As I understand it, we are now all legally obliged to watch Breaking Bad. Our prisons are already full to bursting with people who failed to watch The West Wing or  The Wirewhen they were expressly told to. I even saw a woman prosecuted last week for not having read  Gone Girl. What was she thinking?

These days we are told we simply have to watch, to read or just to do, very many things: 100 Things to Do Before You Die; 100 Films You Have to See, 100 Books You Must Read If You Don't Want Everyone at Work to Realise Exactly What a Shallow, Self-Obsessed, X Factor Fan You Really Are.
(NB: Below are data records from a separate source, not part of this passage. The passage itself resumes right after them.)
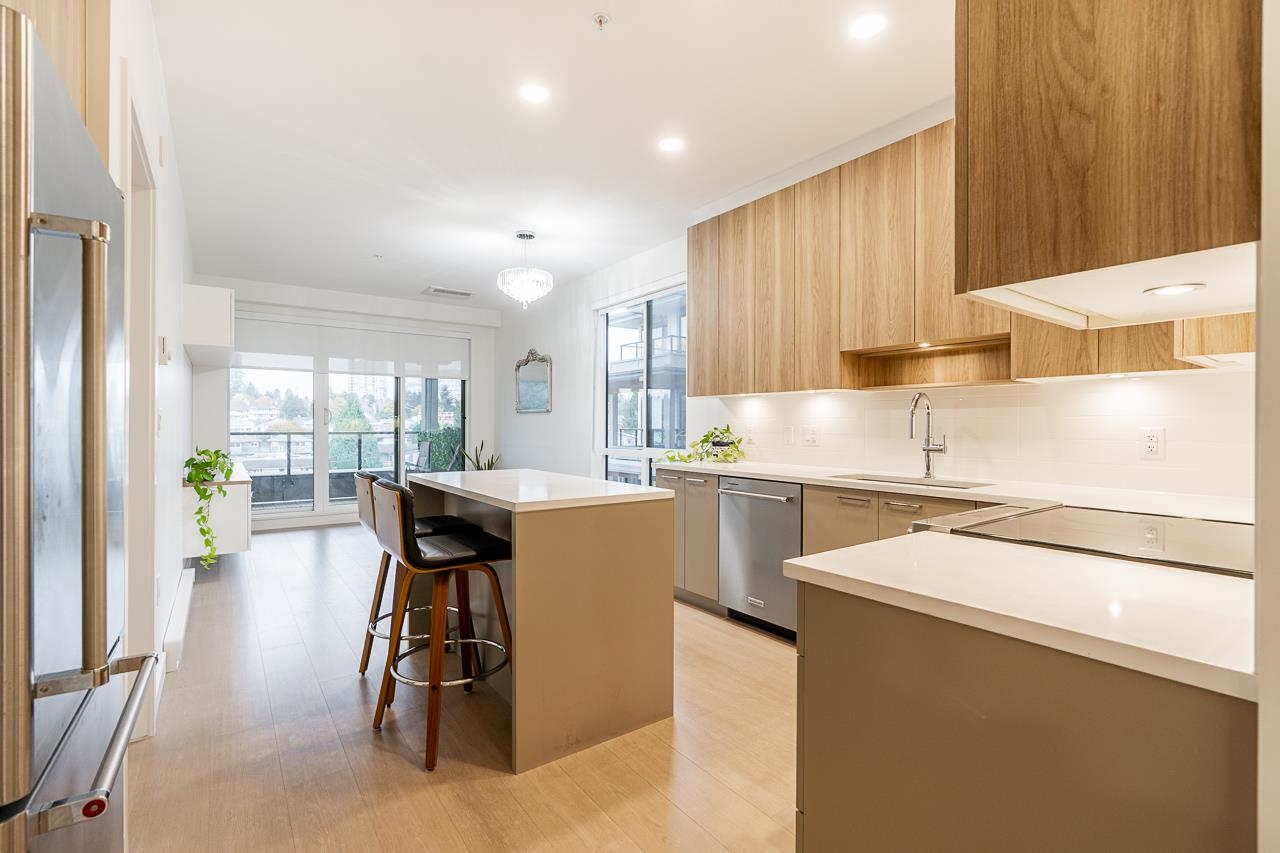 523 7599 15TH STREET, R3102891, BC,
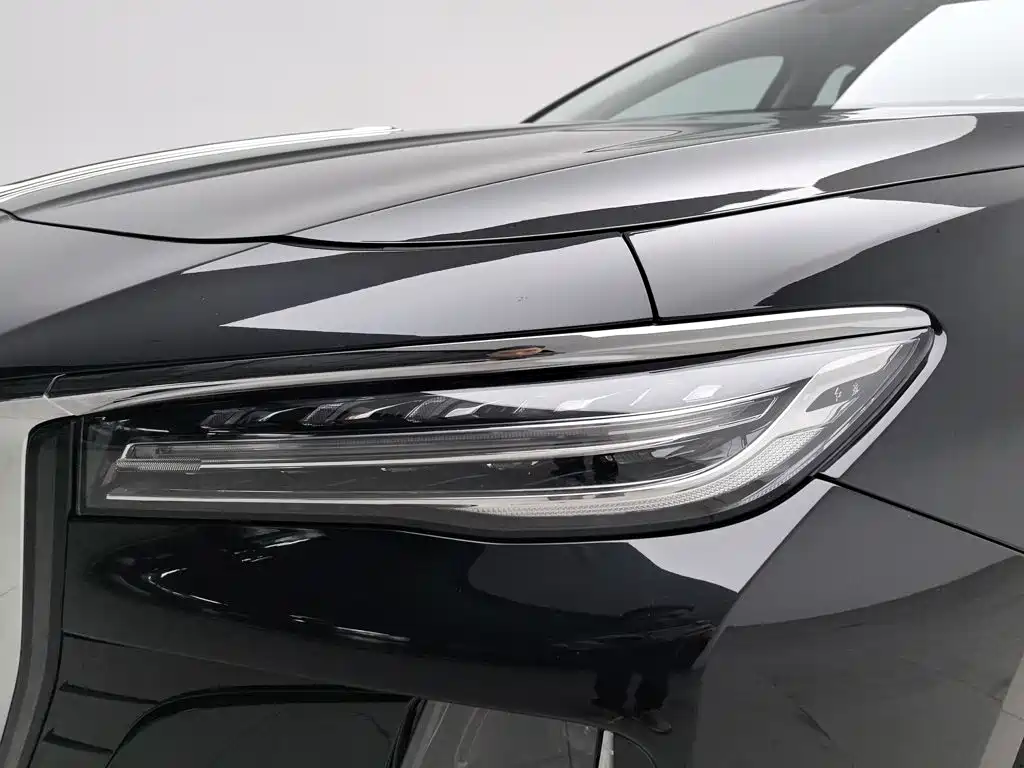 Hongqi Hongqi H5 — миниатюра 7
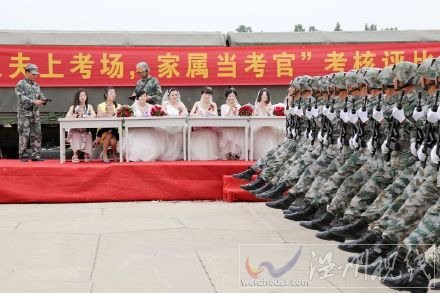 閱兵戰(zhàn)士求婚圖片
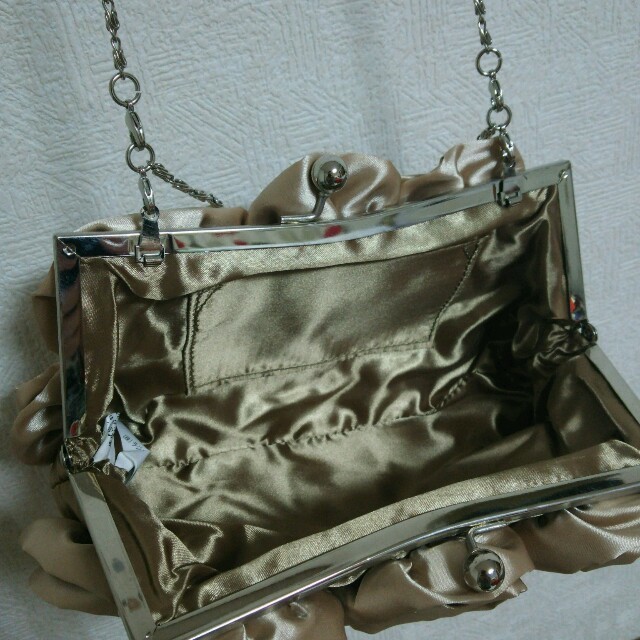 しまむら(シマムラ)の🌹バラがモチーフのフォーマルバック🌹 レディースのバッグ(クラッチバッグ)の商品写真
I am very keen to do what I'm told at all times. If I'm told there are 25 Must-Dive Reefs or 30 Loganberry Recipes You Can't Live Without then I take that responsibility very seriously and immediately go out shopping for scuba equipment and soft fruit.

But, while I can't stress enough that I don't wish to be a troublemaker, there is a slight problem with the maths.

The average human being will live for 701,844 hours. You will be asleep for 233,600 of those hours (more if you're a cricket fan). You will be working for 74,060 hours (fewer if you're Usain Bolt) and you'll be waiting for your children to hurry up and get their shoes on for 11,850.

Take off another 200,000 hours for miscellaneous activities such as being on hold for broadband customer service, queuing at Costa Coffee, or looking up pictures of your ex-girlfriend's new boyfriend on Facebook.

You suddenly find yourself with just 182,334 useful hours in your life for reading, watching films and baking your signature Loganberry Pecan Flapjacks.

But it gets worse. Given that you are reading this you are, let's be honest, at least 40. If you were under 40 you'd be reading the cheat codes for  Grand Theft Auto V instead (FYI, the dirt-bike code is Circle, X, L1, Circle, Circle, L1, Circle, R1, R2, L2, L1, L1). This means your available hours now stand at 91,167. That's what you have left. Just over 90,000 hours. To do everything.

So, Breaking Bad should be a breeze: just 61 hours, or 0.000667% of the rest of your life. And – I don't know if you've heard – apparently it's amazing.

But if you wanted to watch every episode of  the Guardian's Top 50 TV series of all time, that would take up another 2,080 of your precious hours. Add in two new series a year – every year – that you simply have to watch, and that's a further 4,000 hours. Then add in  The Great British Bake Off and, in all, that's around 6,130 hours of television you simply have to see. That's nearly 7% of your available life

Watching every film on the BFI's list of  The Greatest Films of All Time will take you 217 hours (with an extra half-hour if you want to watch the hilarious "blooper reel" at the end of Citizen Kane). You will also have to watch at least one new film a month that Charlotte at work keeps banging on about, and one foreign-language film a month because Peter Bradshaw has called it "a stunning new benchmark for Latvian cinema". That takes your total for films you simply have to see up to 2,233 hours.